Until Vancouver, the U.S. Nordic combined program had registered a historic oh-fer. In 86 years of Winter Games history, the U.S. team had won no medals.

Fourteen years of consistent funding, improved coaching and training, and planning -- it all paid off in Vancouver, with the U.S. team winning four medals in three events.

Demong and Johnny Spillane went one-two in the large hill event; Spillane won silver in the normal hill; the U.S. team won a relay silver.

Then came the obvious question: what next?

For Demong, it was time to take time off -- take most of 2010 to, as he put it, "live life, so that the motivation comes strong in the next three years."
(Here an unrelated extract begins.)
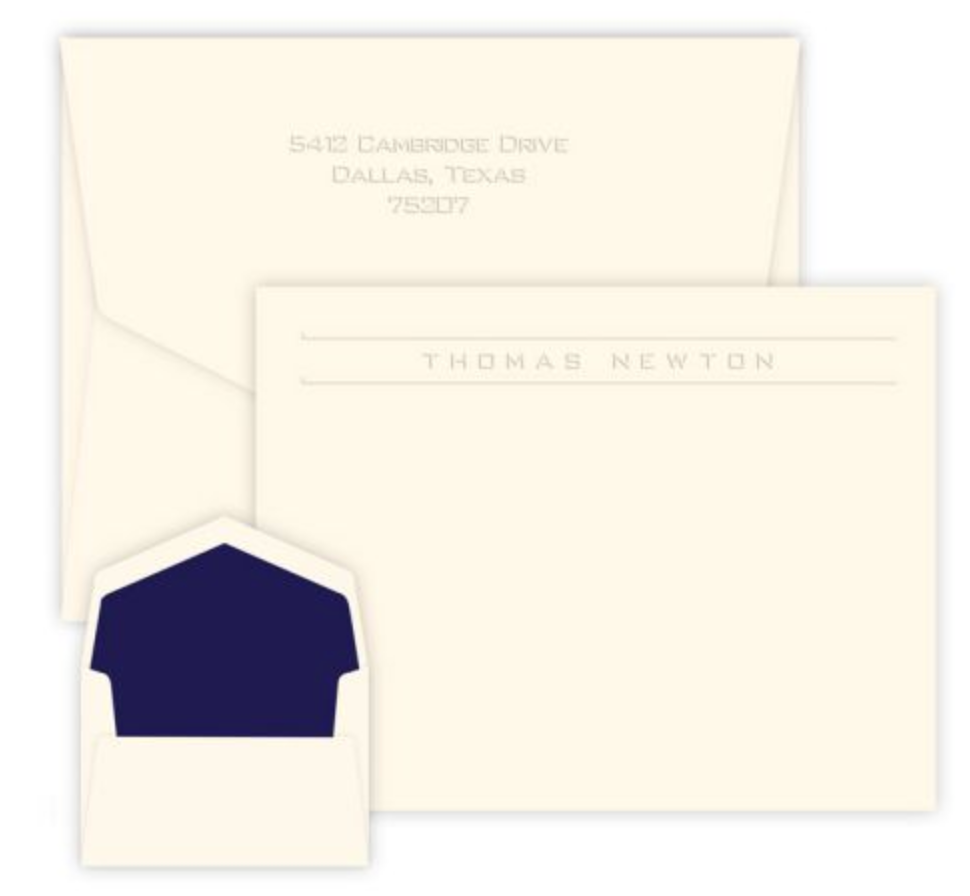 Personalized Stationery Sets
The life living started with a bang.

Within 24 hours all this happened: He became a gold medalist. He learned he had been chosen to carry the U.S. flag in the closing ceremony. He proposed to his girlfriend, Katie Koczynski.

As soon as the Games ended, he did the whole media blitz thing. He went ski flying. He attended celebratory parades.

Originally from Vermontville, N.Y., he threw out the first pitch at a New York Mets' game: "I have watched too many people come up short," he said. "I freaking launched it over the catcher's head. He had to jump for it."

He spoke on the National Mall on Earth Day.

He visited U.S. Army bases in the Middle East.

He went back home to Park City, Utah, and re-did his house, among other things adding 400 square feet and moving the kitchen to the other side of the structure.

He and Katie got married. A son, Liam, was born in January.

It wasn't until September that Demong became a Nordic combined skier again. As he put it, "That's a little late."

So sixth place at the 2011 worlds -- that gets the job done, and in two ways:

"I would be going through that media corral and the reporters would be saying, 'You must be disappointed after sixth place,' " Demong was saying.

Hardly: "I'm in a different place right now. That's my best result of the season. It not only gives me confidence I can be really good it also lets me know I can be training well and can be better than ever."

All it takes, he said, is getting back to the gym.

No one has ever accused Billy Demong of lacking the hard-work gene.

"When you are at the top of your game," he said, thinking back to the 2009 and 2010 seasons in particular, "you're like, 'I can ski backward,' or, 'I can skip days training,' or, 'I feel so in control.' That is an important part of getting good.

"What's also important is realizing you have to stay good all the time. Taking time off and struggling through the season is a really good way -- a really good way of getting back in touch with desire and hunger."

He also said,  "As neat a goal as it is to win a gold, it might be even harder to defend it. It kind of freaks me out but it gets me excited.